Adhi menuturkan, dunia usaha makanan dan minuman justru terganggu saat pemerintah tidak kunjung menaikkan harga BBM. Akibatnya, usaha makanan dan minuman mengalami ketidakpastian karena saat BBM belum naik, namun (harga) bahan baku sudah naik.
“Padahal harga jual produk tetap,” tuturnya saat dihubungi Republika, Selasa (14/5) malam. Jika pemerintah menaikkan harga BBM, tuturnya, akan lebih menguntungkan karena pengusaha dapat melakukan perencanaan yang lebih baik.

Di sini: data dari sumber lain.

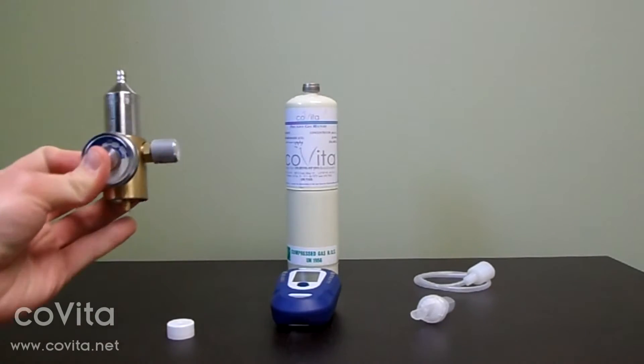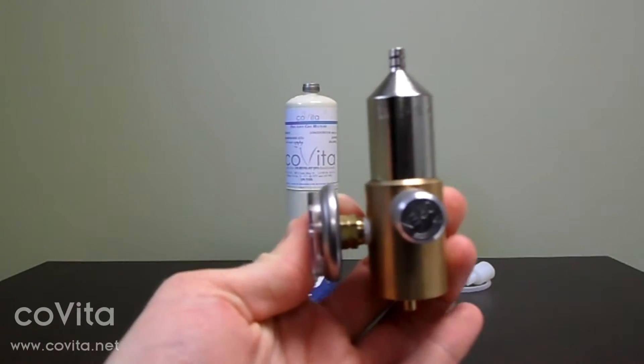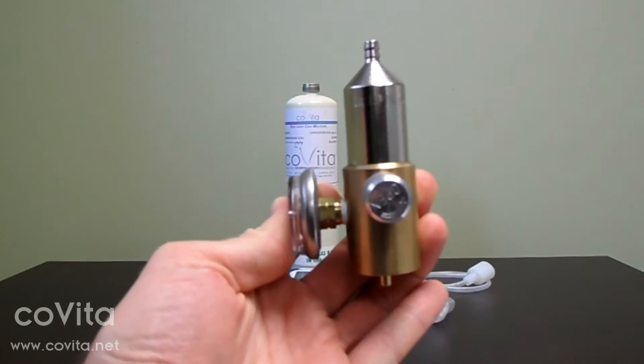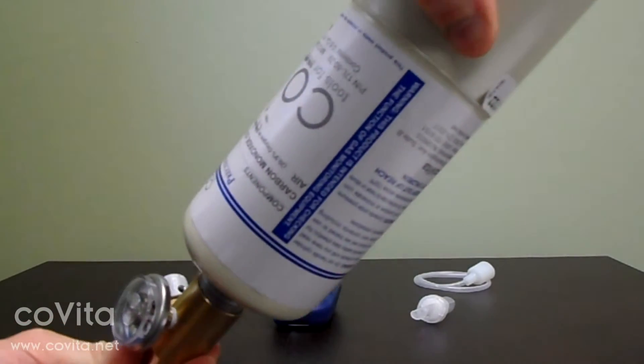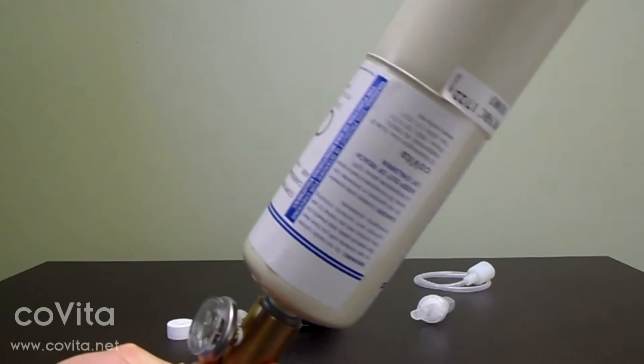Next, ensure the regulator valve is closed and then connect the can to the regulator. This is easiest to do by holding the can in the palm of your hand and the regulator in your left hand. Apply pressure by screwing the can into the regulator.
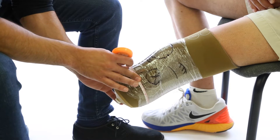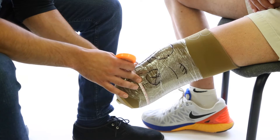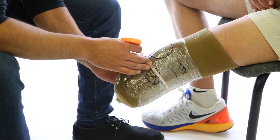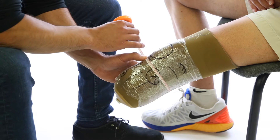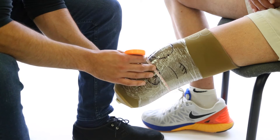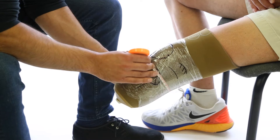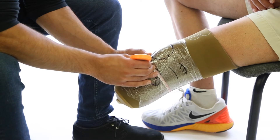Before starting, it would be good to mark where we are taking the measurement so that the marks transfer onto the cast. Make sure the tape measure is tense enough to maintain a consistent level, but do not tension the tape measure more than needed, so as not to compress the soft tissue.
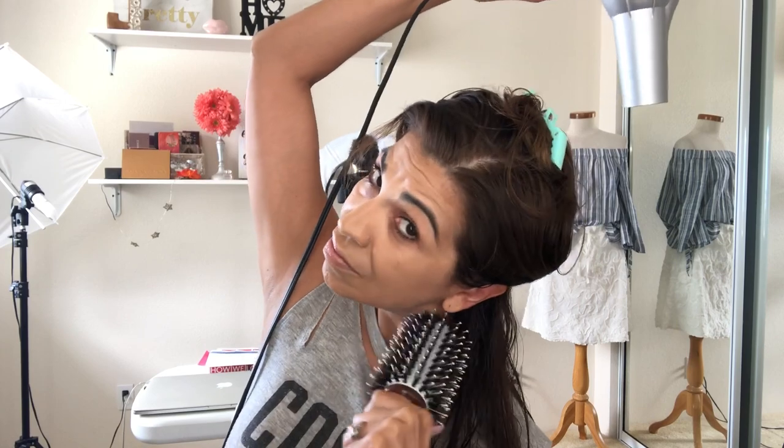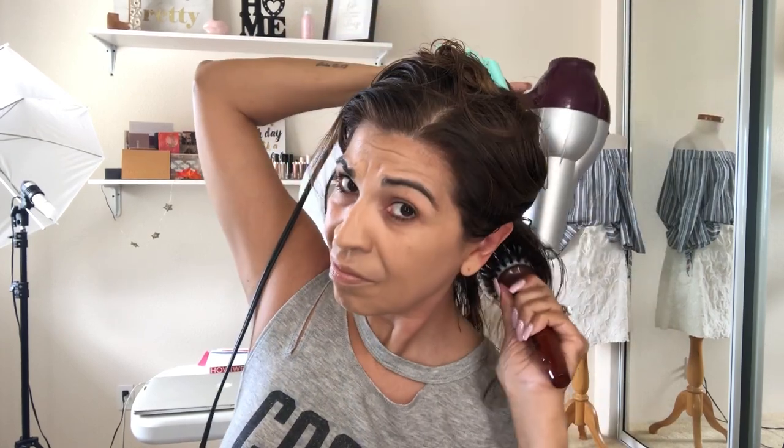I'll probably fast forward through a lot of this, because you get the gist of blow drying hair. I feel like that section is pretty dry. It's a little bit wet right here but we'll get that when we bring the other parts down.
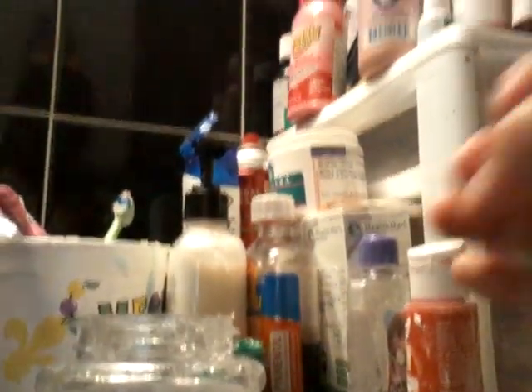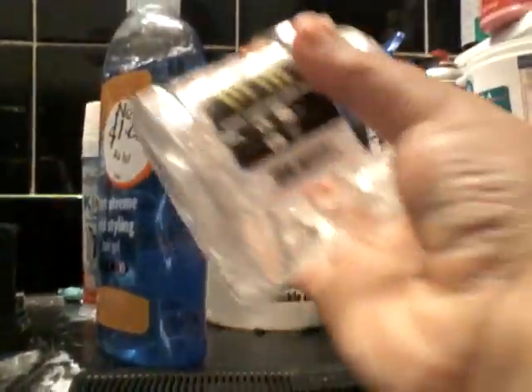After leaving it out, I came back to it and it turned into this goopy type of slime. You can use any type — I used this clear one. It's hair gel, called hair styling gel.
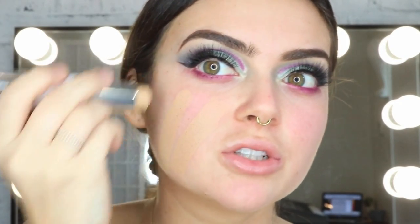I'm going to be using my Master Blur Stick and popping that all around my T-zone. Then I'm going in with my Superstay Stick Foundation, chucking that all over my skin and then using the other end of the stick, which is a sponge, to blend it in.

Meski demikian, Adhi mengakui kenaikan harga BBM nantinya berdampak pada distribusi dan bahan baku. Dia menjelaskan, biaya distribusi menyumbang sekira 5 sampai 10 persen dari harga sebuah produk makanan dan minuman. “Dari biaya distribusi ini, BBM memiliki peran sebanyak 30 persen,” ucapnya.
Akibatnya pengurangan margin keuntungan harus diderita oleh industri makanan dan minuman. Meski demikian, tambahnya, pihaknya sementara ini belum memiliki rencana menaikkan harga produk karena kenaikan harga BBM dinilai tidak banyak dan tidak berdampak signifikan.
“Namun kami tidak mengurangi ukuran makanan atau minuman dalam produk itu karena untuk menjaga mutu, sudah terdaftar di Pengawas Obat dan Makanan (POM), dan terkait pencitraan produk kepada konsumen,” tuturnya.
Dia berharap, jika harga BBM dinaikkan, maka pemerintah memperlancar logistik, dan distribusi “Termasuk pelabuhan, antrian, pengurangan kemacetan, sampai infrastruktur yang lebih mulus. Itu sebagai kompensasi akibat kenaikan harga BBM,” katanya.